Silent strokes are a loss of blood flow to parts of the brain. Such strokes do not cause immediate symptoms and typically go undiagnosed, but they cause damage. In kids, they can even lower IQ.

Sickle cell anemia affects about 100,000 people in the United States and occurs most commonly in African-Americans. The disease, inherited from both parents, causes some of the patient's red blood cells, normally shaped like a saucer, to take on a crescent or sickle shape. These malformed cells are less effective at their primary job, conveying oxygen from the lungs to the rest of the body. The cells also clump together, blocking circulation and leading to organ damage, strokes and episodes of intense pain. Sickle-shaped blood cells break down more rapidly than normal blood cells. Researchers believe debris from these cells may clog blood vessels in the brain, causing strokes.

An estimated 1 in 3 children with sickle cell anemia experiences silent strokes but there is some good news; a new multi-institutional study found showed that giving monthly blood transfusions to sickle cell anemia patients who already had experienced silent strokes reduced by 58 percent their risk of another stroke, silent or otherwise.




The arrow points to evidence of a silent stroke. In patients with sickle cell anemia, such strokes often go undiagnosed because they do not cause immediate symptoms. Credit: Robert McKinstry

"The data make transfusion the only evidence-based option to prevent stroke recurrence and further brain injury in this vulnerable population," said coauthor Michael Noetzel, MD, professor of neurology and of pediatrics and chair of the study's neurology committee. "Now that we have identified a viable treatment option, early detection of silent cerebral strokes should become a major focus for clinicians and families of children with sickle cell disease."

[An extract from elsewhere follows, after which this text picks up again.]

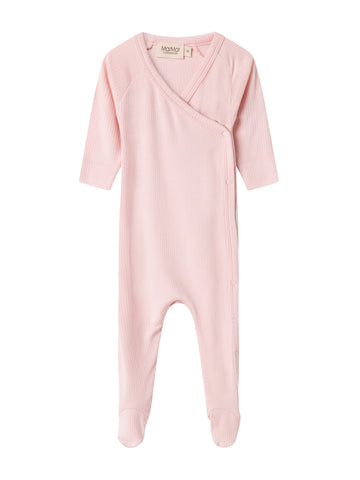 Marmar Copenhagen Rosewater Micro Modal Rib Rubello Onesie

Noetzel treats patients with strokes from sickle cell anemia at St. Louis Children's Hospital. He and his colleagues recommend checking children with sickle cell anemia for silent strokes at least once before they start elementary school. If an MRI scan reveals any such strokes, families and physicians should consider monthly blood transfusions.

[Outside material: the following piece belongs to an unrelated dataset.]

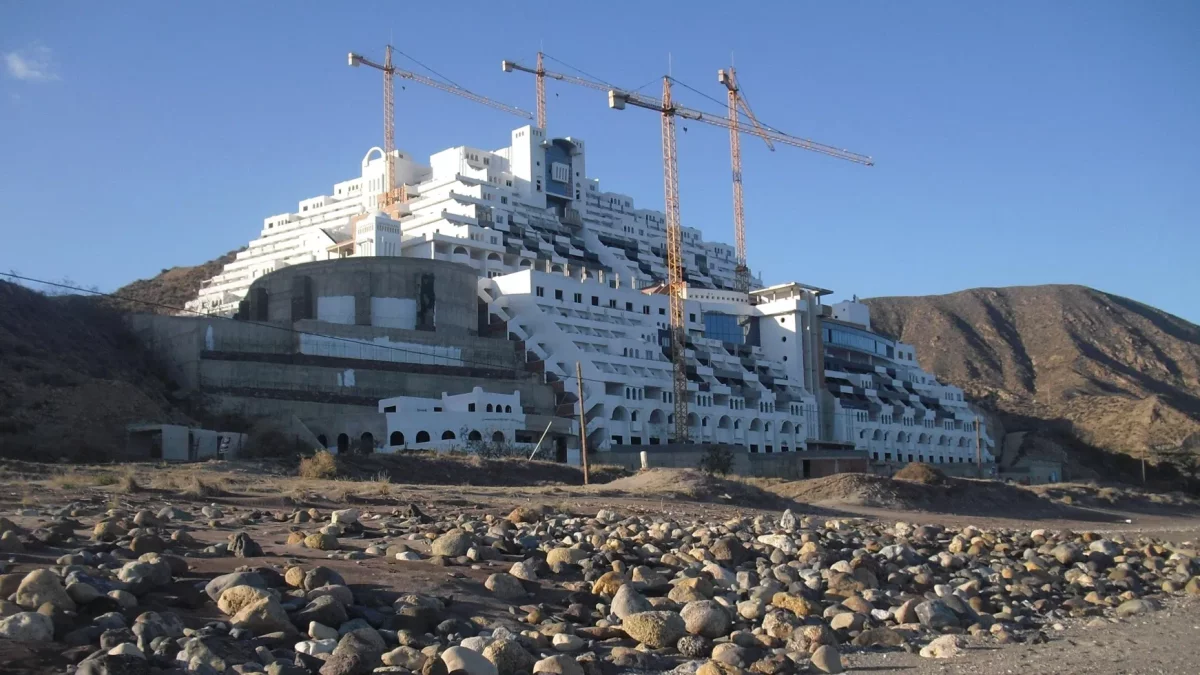 Imagen de archivo de El Algarrobico.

For the new study, scientists at Washington University and 28 other institutions screened sickle cell anemia patients to identify 196 children ages 5 to 15 who already had suffered silent strokes. The scientists gave 99 of those children monthly blood transfusions for three years. Six children went on to have additional silent or overt strokes. In contrast, in the group of 97 children who did not receive monthly transfusions, 14 had additional strokes, a difference that is statistically significant.

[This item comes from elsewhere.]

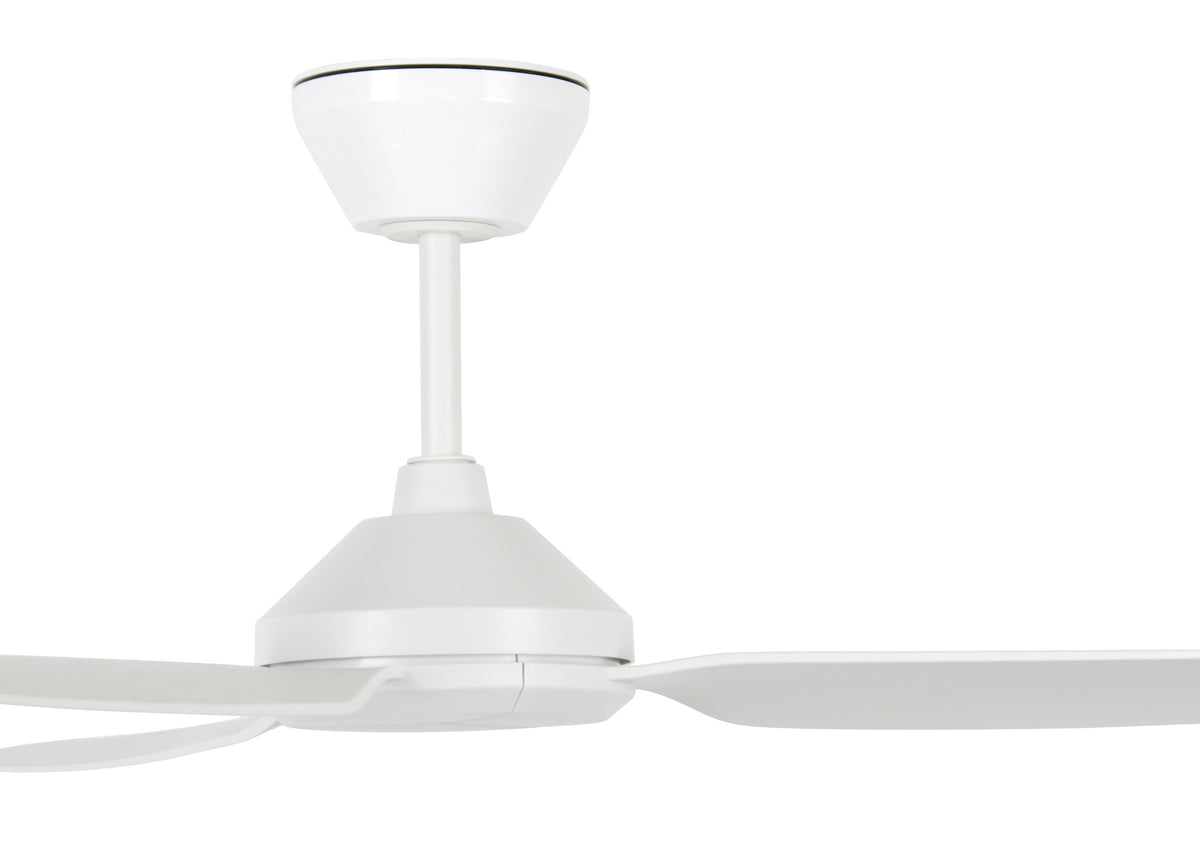 Ceiling fan Polis, 132 cm ∅, 6 speeds, including remote control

"We think the transfusions are helping because they raise the total amount of circulating blood and lower the percentage of sickle-shaped cells in the patient's bloodstream," said coauthor Allison King, MD, assistant professor of pediatrics and of occupational therapy. "Keeping the sickled cells to less than 30 percent of total blood cells seems to be ideal."

The treatments also reduced the occurrence of sickle cell crises — the irregular attacks of acute pain that plague some patients.

Risks from the transfusions include infections, allergic reactions to the donated blood and long-term buildup of excessive iron in the bloodstream from multiple transfusions, which can damage the heart and liver.

"The risk of infection is quite low — we're getting very good at screening our blood supply," King said. "The risk of an allergic reaction can be reduced through better matching of compatibility factors and blood drives to increase the resources available for transfusion."

New techniques, such as erythrocytapheresis, in which donated blood is exchanged with the patient's sickled blood, also can help reduce the risk of iron overload, according to King.

She and her colleagues plan to conduct longer studies of children with sickle cell anemia to see whether regular blood transfusions, stem cell transplants and parenting enrichment interventions prevent declines in cognition.



 Published in The New England Journal of Medicine.